Sorkin was “struck” with a story that would go on to change his life because he ate up theatre like a fat king with a turkey leg. He wanted to act, he went to school for musical theatre, and he wrote the script on those cocktail napkins while bartending at a theatre while the first act of a French musical was going on.*

You, on the other hand, will not find an idea that tops the “fidget spinner” because your mind is CONSUMED by your desk job … and sports … and shrimp fried rice. Also, really? The fidget spinner is what you’re trying to top?

Ever noticed how every “million-dollar idea” you hear about from that uncle who still smokes loose tobacco from a pipe is the most superficial, first-world, so-convenient-that-it’s-not-convenient idea you’re ever heard? That’s what you get when QVC and Good Morning America are your go-to sources of innovation.

2. What do you do when inspiration strikes?

You act on it. You write. You buy those tacky rainbow note cards and pin them to the wall like you saw Steve Martin do in Bowfinger. You cash in favors. You reach out to that pipe-smoking uncle. You find the right story to tell. Then you sell (just the idea at the start). You sell the crap out of it; you sell the crap out of it to people of influence. You sell and you get rejected and you sell again and you get rejected and you sell again and you see one of their eyebrows raise and you get rejected and you sell again …

Capisce?

There is no idea ATM to cash in your ideas for a quick payout. There’s no mob of people waiting to give you money (minus those gone-viral products with incredibly smart brand positioning).**

I would know … this isn’t my first rodeo.

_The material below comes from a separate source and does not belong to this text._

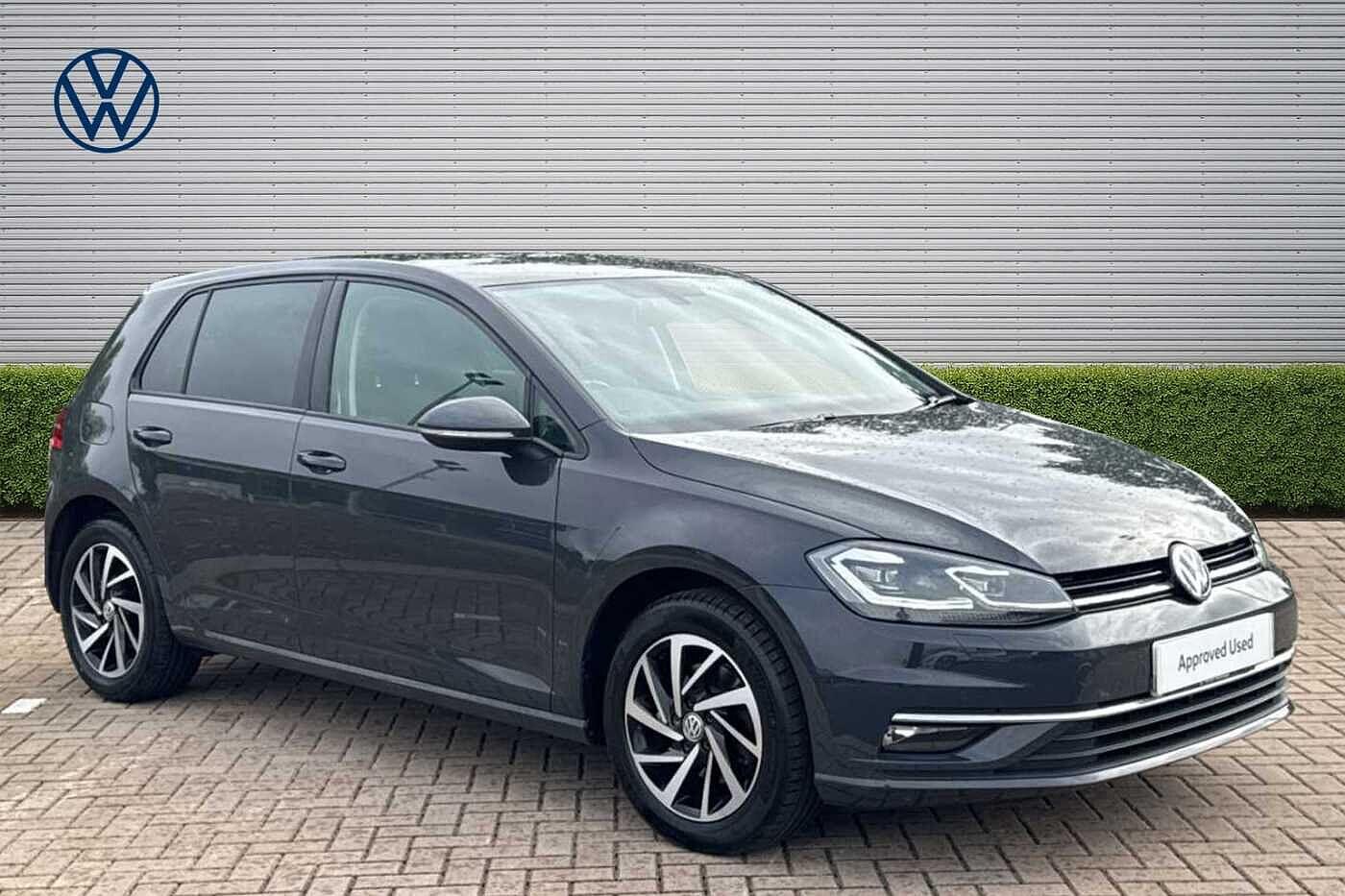 Main listing image - Volkswagen Golf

But my point — my beautiful, self-gratifying, ego-saturated (hey ladies, did I mention I’m a writer with a HuGE vocabulary) point — is that there is no “ah-ha” moment except the kind that comes after you’ve spent a long time sulking in the gray zone of wanting a new idea, or a problem to solve, or a story to tell, BUT NOT HAVING ONE. That gray zone is the zone of inspiration. The zone where a constipated brain finds something to bite down on and push like there’s no tomorrow … I promise you will find something in that toilet if you push long enough.

My final note is this: If you want to get struck by lightning, then jump in a rooftop pool while holding a big, metal umbrella.

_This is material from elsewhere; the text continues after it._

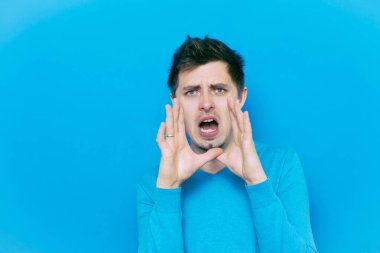 Stüdyoda poz veren adam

Take that metaphor as you will.

All the best,

Sean Patrick Greene


*That’s not meant to paint the story with yet another mythological brush. Rather, it’s meant to embody that Emerson quote, “You become what you think about all day long.”

**In the case of the viral peanut butter brand, the entire business was shaped around consumer demand and modeling an already tested idea. But even prior to the virality, there was an uphill battle for getting the brand going. For something designed to influence the trends rather than meld into them (which is what artists often strive for), the uphill battle for influence and virality lasts a lot longer. A LOT longer.